Re-use of technology:
The maturity of the information held in health systems means there is high process compliance and research value. It is quite common to see successful services get roadblocks because they do whatever it was that makes them leaders a little too long. It is better to use pre-emptive selfdestruction and renewal. Fortune Magazine in 1994 quotes the then HP CEO Lewis Platt: “We have to be willing to cannibalise what we’re doing today in order to ensure our leadership in the future. It’s counter to human nature, but you have to kill your business while it is still working. Or as they say in Silicon Valley, it’s better to eat your lunch before someone else eats it for you.”
Focusing innovation on re-using and applying existing resources (cannibalising existing investments) means a focus on the real value of what is being done. Re-using data in a new service architecture means decisions are taken about duplicate data.
New large scale views of all the information about a patient means that process conflicts are removed and redundant supporting processes are stopped or replaced.
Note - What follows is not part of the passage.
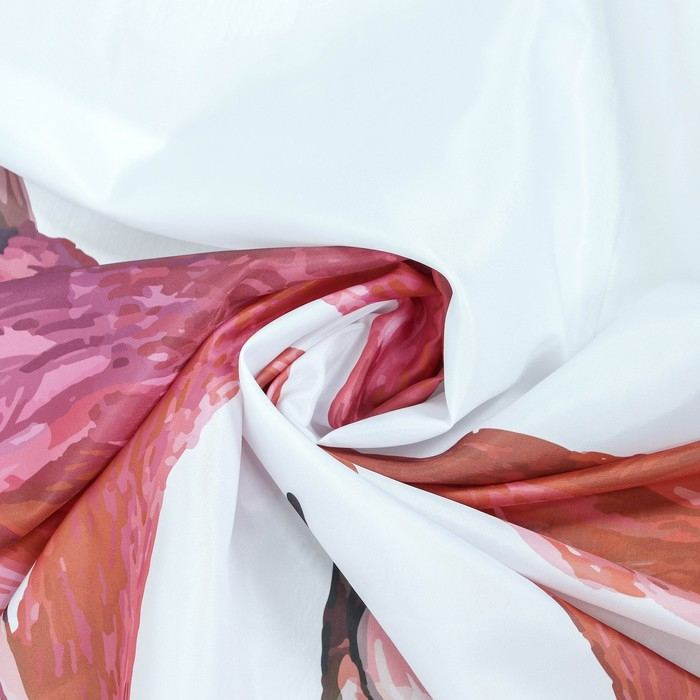 Штора для ванны Доляна &laquo;Душа фламинго&raquo;, с люверсами, 180&times;180 см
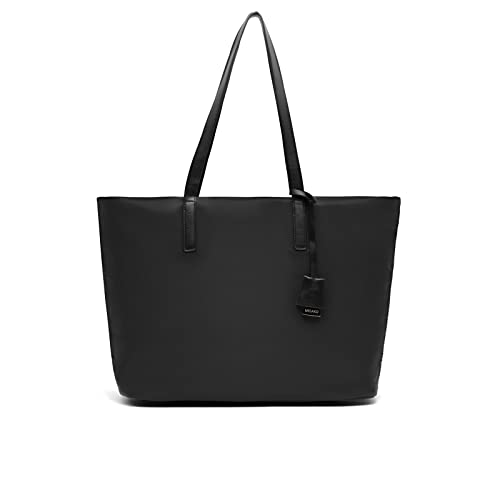 MISAKO EMANDA BOLSO – Bolso Grande de Mujer – Bolsos Shopper – 39X31X15 CM – Negro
Thereby using more standardised common processes so both staff and patients see systems as useful and not as a hindrance.
If clinicians have a ‘single view’ of the patient, they can see all the details pertaining to that patient, including demographics and all professional contacts, all diagnostics and events, documents and consents, alerts, allergies and medications. Most health systems have clear governance rules and such integrated services actually improve security.
And by moving away from a ‘systems focused’ to ‘services focused’ plan, the policy of re-using saves scarce capital and makes better use of revenues.
Are we big enough to maintain in-house services:
Healthcare computing and the digital storage of patient records started half a century ago. Providers rightly continue to worry about the return on investment, managing the cost curves between revenue and capital, the demands of a modern infrastructure and the introduction and sustainability of new systems.
Information systems are usually allotted a small budget in most health environments, but can be mission critical. And typically most healthcare services favour serving specific responsibilities and a focus on managing current services and situations.
But the true value of in-house services is not to drive to the lowest cost or lowest percentage of revenues and so create the cheapest mediocre provision. Or to delay investment to the last possible moment. It is to be able to ‘leverage’ technologies whilst not being responsible for their creation. And to apply readily available bought-in services not duplicate them. The economics of the ICT industry means in-house services can now focus on supporting clinical informatics. Working with health professionals on specifications, project delivery and support to enable patient and clinical services, to address whole processes and the important touch-points, and reduce the cost but maintain the quality of interactions.
So the challenge is to blend in-house services with outsourcing services and enjoy economies of scale. For example, by merging help desks, virtualising servers, or managing systems and desktops remotely. This is now almost the norm for most sectors with mission critical systems. Supplier management is important and needs specific service management thinking.
By concentrating on service management and using external providers wisely, in-house staff can develop roles focused on processes and patients with clinical and health process design, rapid deployment and improving quality of patient services.